Coinbase expands into derivatives market with FairX acquisition – The Average Joe

    Coinbase expands into derivatives market with FairX acquisition

    Victor Lei — Head of Research

    January 19, 2022

    coinbase

    January 19, 2022

    When crypto goes up, Coinbase goes up. And when it goes down, Coinbase goes down. So goes the fate of the biggest crypto exchange — which is closely tied to Bitcoin. And where do they stand? Both are down nearly 30% since April.

    Coinbase in the shadows of Binance

    Coinbase may be the largest exchange in the US — but it’s nothing compared to Binance — the world’s largest.

    • Even with a market cap of $50B, Coinbase is far behind Binance, with ~5x more daily trading volume.
    • In 2019, WSJ reported insiders estimating Binance to be worth $300B — 6x that of Coinbase.

    But there’s something Binance offers that Coinbase doesn’t — derivatives trading. Derivatives (i.e. options and futures) are a type of security used by advanced traders and professionals.

    • Derivatives made up 55% of the total crypto market in December (per CryptoCompare).
    • Binance’s derivative trading volume is 3x larger than its spot trading volume.

    In the traditional financial market, the derivatives market is magnitudes larger than the stock market.

    Pick the low hanging fruit

    The crypto derivatives market is still young but it’ll likely continue taking up a bigger share of the total market. Offering derivatives trading is an obvious expansion — an area Coinbase has been working on for months.

    Last week, Coinbase announced its purchase of FairX — a derivatives marketplace — to speed up the launch of its own derivatives trading product.

    Competition among crypto exchanges is intense — and Coinbase is keeping up by:

    • Entering NFT trading with its own marketplace — with 2.5M emails on its waitlist.
    • Expanding internationally — it launched an exchange in Japan last year.
    • Increasing the number of cryptocurrencies available on its platform.

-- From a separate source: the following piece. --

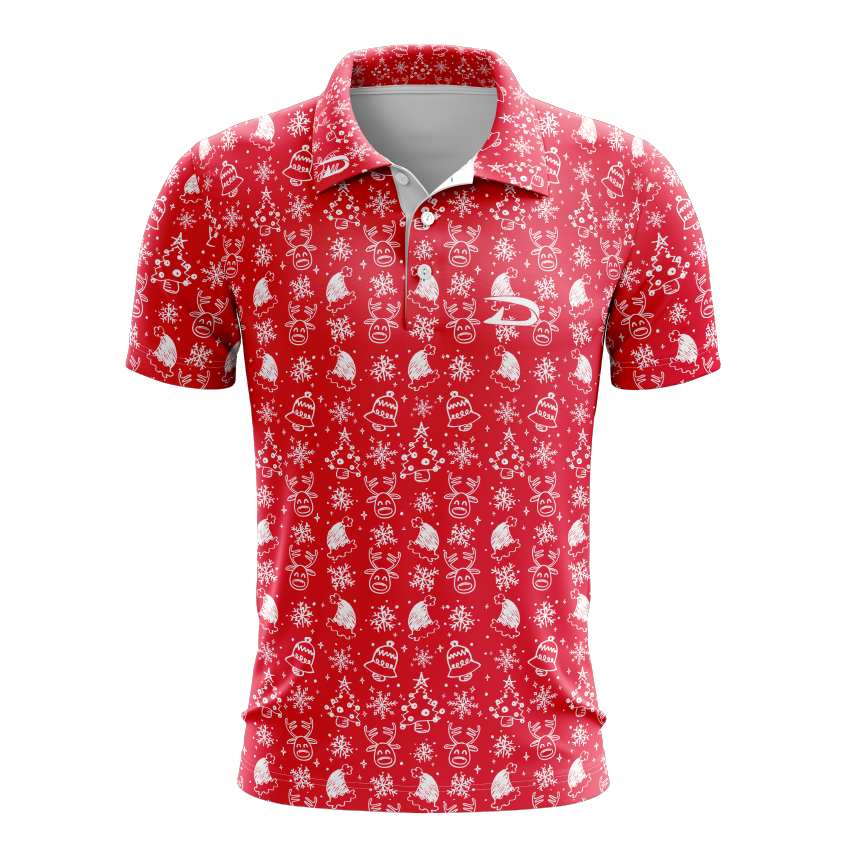 Driven Golf Shirt | Festive Collection - DFC-004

    Last year, Coinbase announced plans to list every crypto asset it’s legally allowed. Between 2020 and 2021, the number of tokens available to investors grew from 42 to 139. Compared to Binance, Coinbase’s number of listed tokens is still significantly lower.

    Investor: Volatile and unpredictable

    Coinbase’s sales — which are reliant on crypto trading volume — is highly volatile and unpredictable. So unpredictable that Coinbase doesn’t give sales forecasts — leaving investors in the dark until its next earnings report expected Feb 25.

    Analyst targets: Early 2022, JPMorgan upgraded $COIN with a $345 target (55% upside) — seeing a path for it to diversify beyond crypto trading with its planned NFT marketplace and recently launched DeFi product.